Today it would be hard to be a member of the Boston College community and not come into contact with some element of the legacy that Thomas P. O’Neill, Jr. (Class of 1936) has left to the university. The late Speaker of the United States House of Representatives (known to his friends and colleagues as “Tip”) has had a library, a scholarship fund and an endowed faculty position named after him. He even donated his political papers to the Boston College Library. O’Neill never forgot his alma mater and contributed his own time and energy to aid Boston College in its development activities, helping to make the institution grow from a small liberal arts college into one of the nation’s preeminent research and teaching universities.
Despite O’Neill’s many contributions both to Boston College and the nation as a whole, his achievements are in danger of fading from popular memory. For instance, today’s undergraduates were not yet born when he retired from political life in 1986. Years after his graduation from Boston College, O’Neill remained fond of his alma mater and his alma mater celebrated his achievements. This sentiment is evident in the photograph reproduced here. The image shows a sign at Alumni Stadium welcoming O’Neill to the campus for the 1981 Commencement.

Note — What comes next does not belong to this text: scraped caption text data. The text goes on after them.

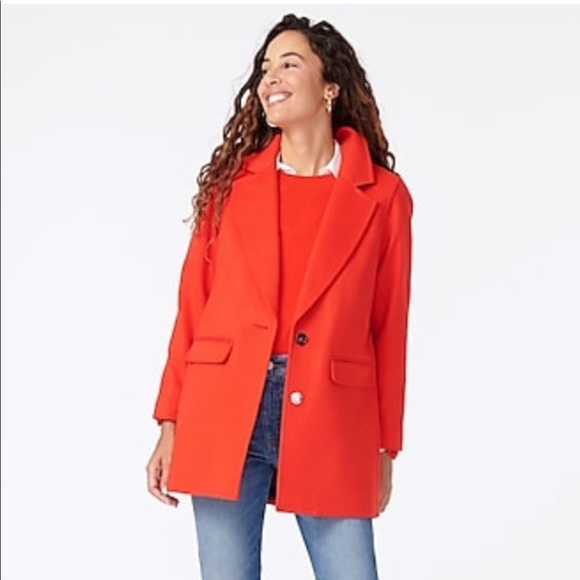 J. Crew Blazer Coat Italian Wool Cashmere Blend Like New Large Red - Picture 15 of 15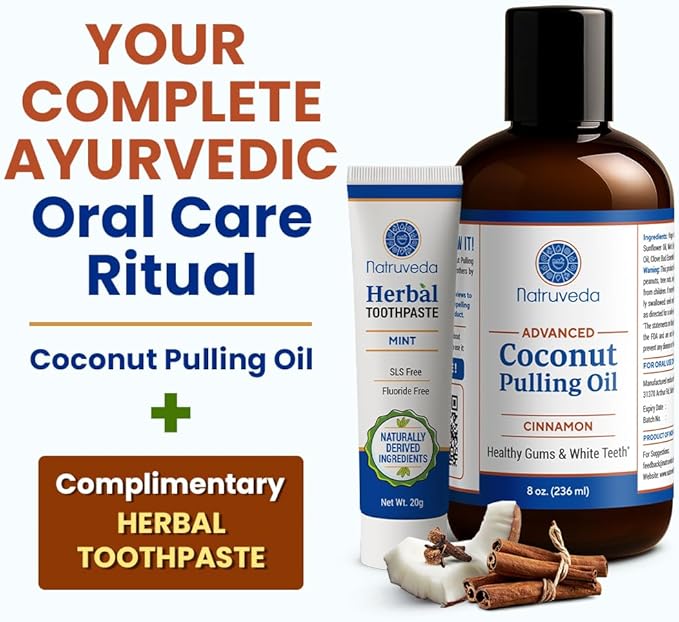 Cinnamon Coconut Pulling Oil, 8 oz | Advanced Ayurvedic Oil Pulling Mouthwash with Virgin Coconut Oil, Clove & Sesame | Alcohol-Free Oral Care | with 20g Herbal Toothpaste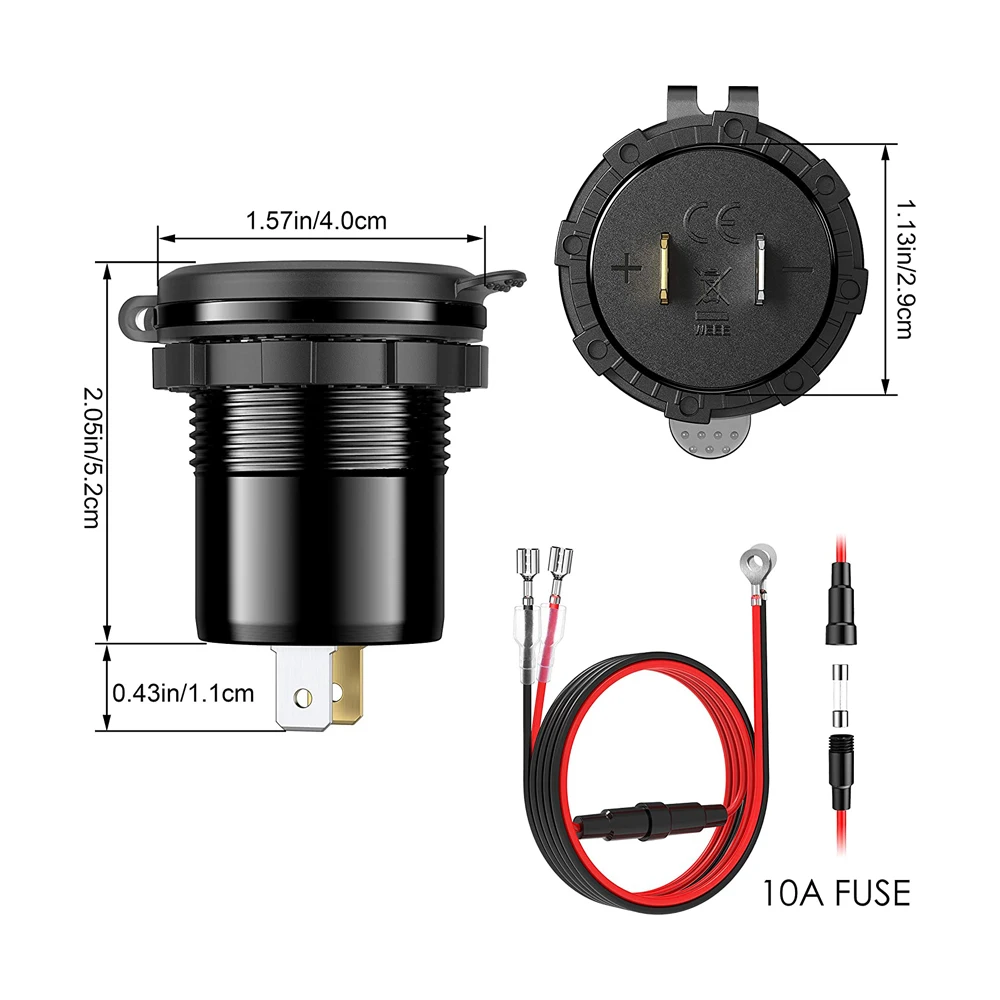 quick charge 3 0 36w car dual usb charger qc3 0 waterproof with voltmeter switch for 12v24v motorcycle atv boat marine rv free global shipping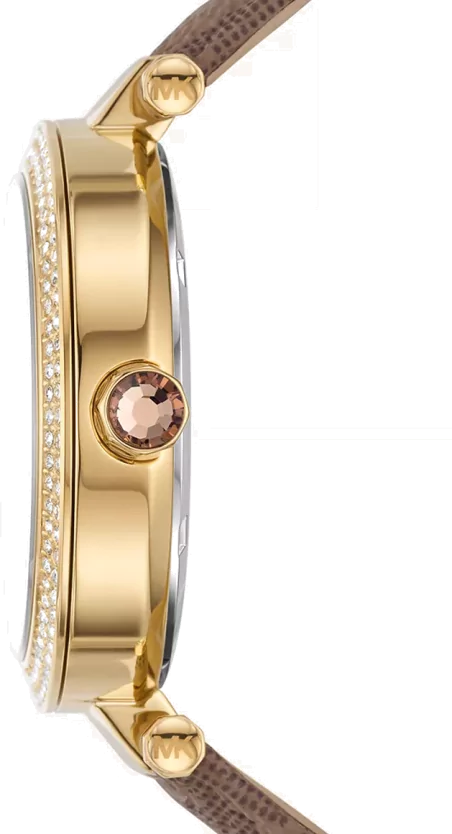 Michael Kors Parker Three Hand Gold Dial Brown Leather Strap Watch For Women - MK2973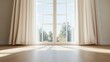 © SSTC AI Photo&Video - Interior serenity: Sunlight streams through a large window, illuminating the room and casting shadows on a hardwood floor, creating a serene ambiance. Curtains frame the view of lush trees.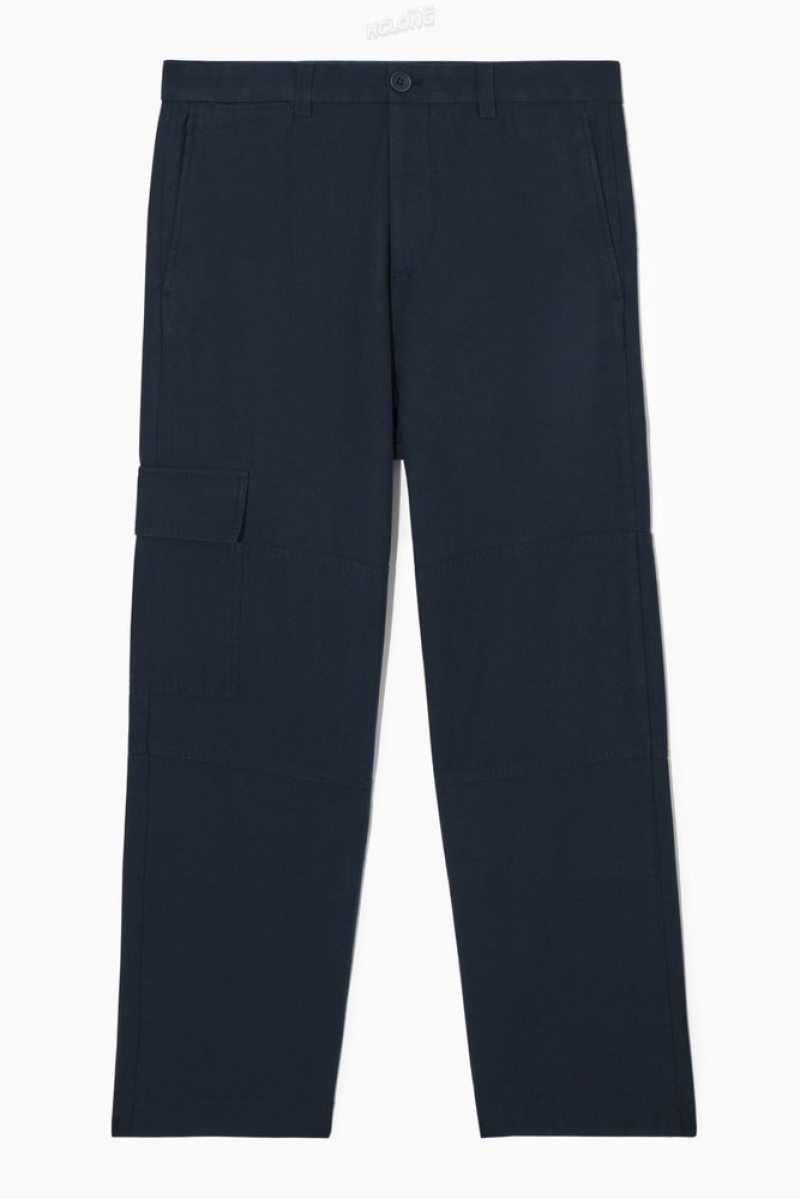 Stone COS Tapered Utility Trousers | HE80-V8ZK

Riding on the wave of excitement generated by the publication of John Aloysius Farrell’s Tip O’Neill and the Democratic Century (Boston: Little, Brown & Co., 2001), this exhibit hopes to inform and remind people of O’Neill’s legacy as a Boston College student and alumnus. The exhibit uses images and other materials found in the Tip O’Neill Congressional Papers and University Archives housed in the Burns Library.